El mal querer fue su tesis de graduación en la Escuela Superior de Música de Cataluña. No es una forma de decir: de verdad Rosalía lo grabó a modo de trabajo final en el conservatorio. Aprobó, desde ya, y de paso se ganó un Latin Grammy a Mejor disco del Año y un Grammy a Mejor Disco de Rock, Urbano o Alternativo Latino (la arbitrariedad del Grammy otra vez: todo da lo mismo mientras canten en español). Sin presupuesto, la artista invirtió su plata al punto de quedar casi en bancarrota. Su “estudio” fue la casa de El Guincho (productor del disco) en Barcelona y su equipo, un micrófono, una computadora y una consola. Una de las mejores relaciones costo-beneficio de la historia de la música universal.
Claro que todavía había un pero: que su (ya entonces) ex novio C. Tangana firmara ocho de las once canciones de El mal querer la convertía ante los prejuiciosos en el mencionado producto comercial pop prefabricado que apenas ponía la voz y las curvas. Alguien le había hecho el disco. Un hombre -o dos, si contamos a El Guincho en la producción- la había convertido en estrella. Aunque conquistaba el mundo (o porque lo hacía), a Rosalía todavía le reclamaban que se probara.
Así llegamos a Motomami, un disco al que aquellos que se relamían ante la posibilidad de que Rosalía patinara esperaron con la burla en la punta de la lengua.
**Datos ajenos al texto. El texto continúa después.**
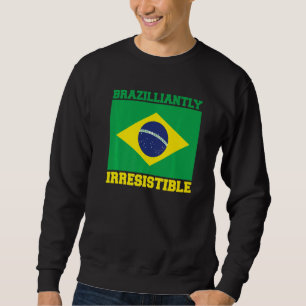 Brasil Brazilliantly Irresistible Brazilian Root B Sweatshirt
Los argumentos para ningunearlo sin darle play eran un par de featurings muy exitosos pero no tan logrados en la previa (una decepción “Lo vas a olvidar” con Billie Eilish; un terremoto “La noche de anoche” con Bad Bunny) y dos adelantos, “Saoko” y “Chicken Teriyaki”, fáciles de malinterpretar si no se los escucha con atención.
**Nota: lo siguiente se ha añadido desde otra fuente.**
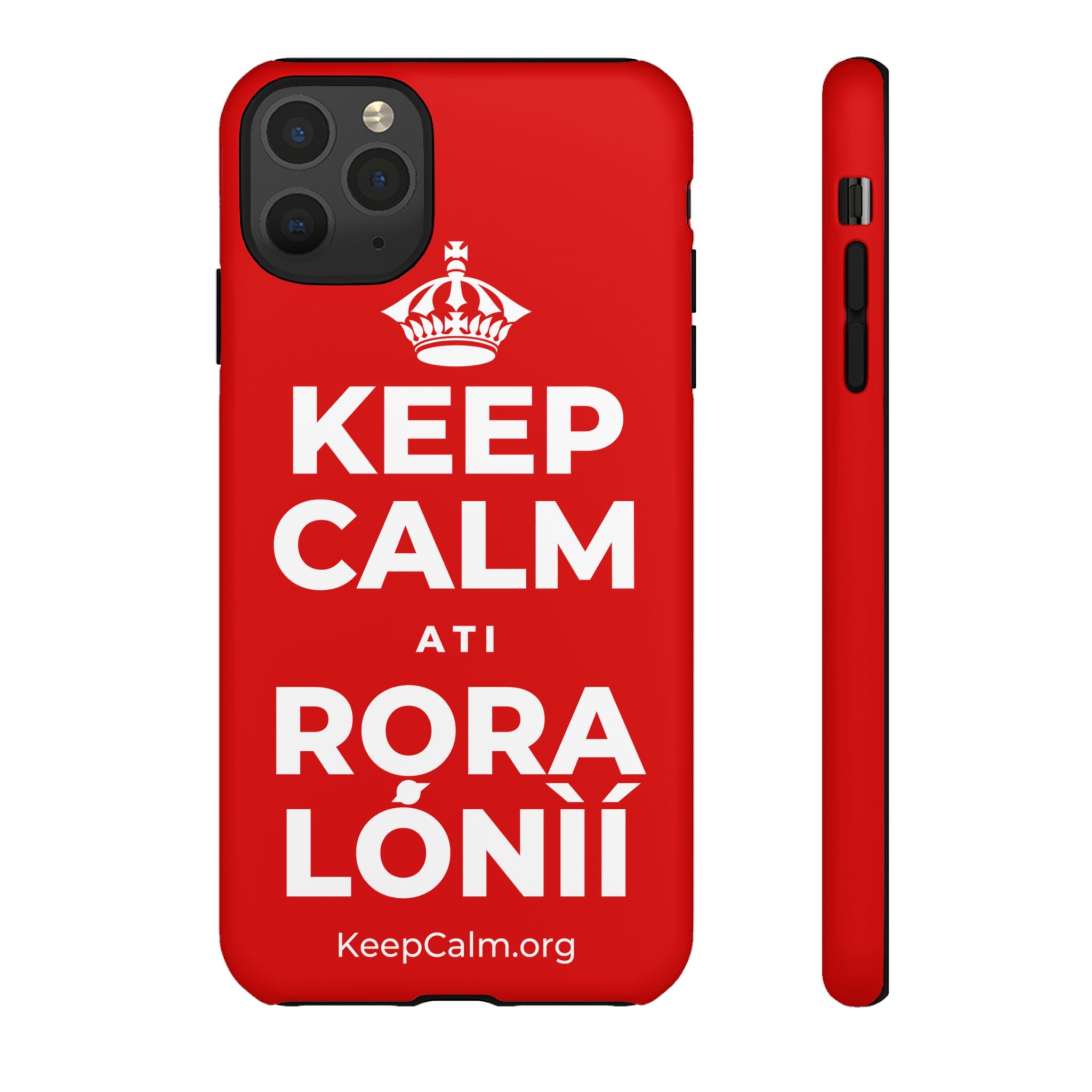 KEEP CALM ATI RỌRA LÓNÌÍ Phone Case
El quid de la cuestión era un puñado de versos (“pa’ ti naki, chicken teriyaki, pa’ ti naki, chicken teriyaki, pa’ ti naki, chicken teriyaki, tu gata quiere maki, mi gata en Kawasaki”, por ejemplo) a las que no se le encontraba el vuelo literario que se supone que tiene que tener la música “auténtica”. Lo que no se estaba viendo era que el interés de Rosalía no era armar un relato sino justamente desmontarlo, despojando de sentido lo que se decía para que se convirtiera en un sonido percusivo más.
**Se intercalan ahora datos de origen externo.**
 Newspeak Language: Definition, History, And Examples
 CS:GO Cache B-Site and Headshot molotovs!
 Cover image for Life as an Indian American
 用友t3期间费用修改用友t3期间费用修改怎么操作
Lo que reformula la supuesta precariedad como experimentación es la publicación y la escucha del disco completo, que -a años luz de agotarse en un racimo de singles discotequeros- también ofrece baladas etéreas como “Hentai”, donde la parte vocal parece sonar como un arreglo de sintetizador que se enrosca con el piano ultraminimalista que le sirve de base (no por nada Lorde está versionando esta canción en sus últimos shows). Todo está deconstruido y resignificado en Motomami, como quien desarma un mueble y arma otro con las mismas piezas, y no por eso se niega el baile ni el gancho: “La fama” (una bachata con The Weeknd) tiene 170 millones de reproducciones en Spotify y el disco llegó al puesto 33 del ranking de Billboard en Estados Unidos. Así las cosas, aún con una lista eterna de productores y co-compositores (entre los que se cuenta Pharrell Williams), casi nadie se atrevió a considerar al álbum como un “producto” que alguien le fabricó a Rosalía para que se luciera. Habría que ponerle mucho esfuerzo a la valoración negativa e ignorar con mucha saña el camino creativo de la autora para entender como un invento tercerizado a un trabajo con semejante nivel de exposición de la artista que lo firma. Eso es justamente lo que vieron y celebraron Flea y Carlos Jean: una obra personal, compleja y seductora que tiene bien ganado todo el ruido que genera.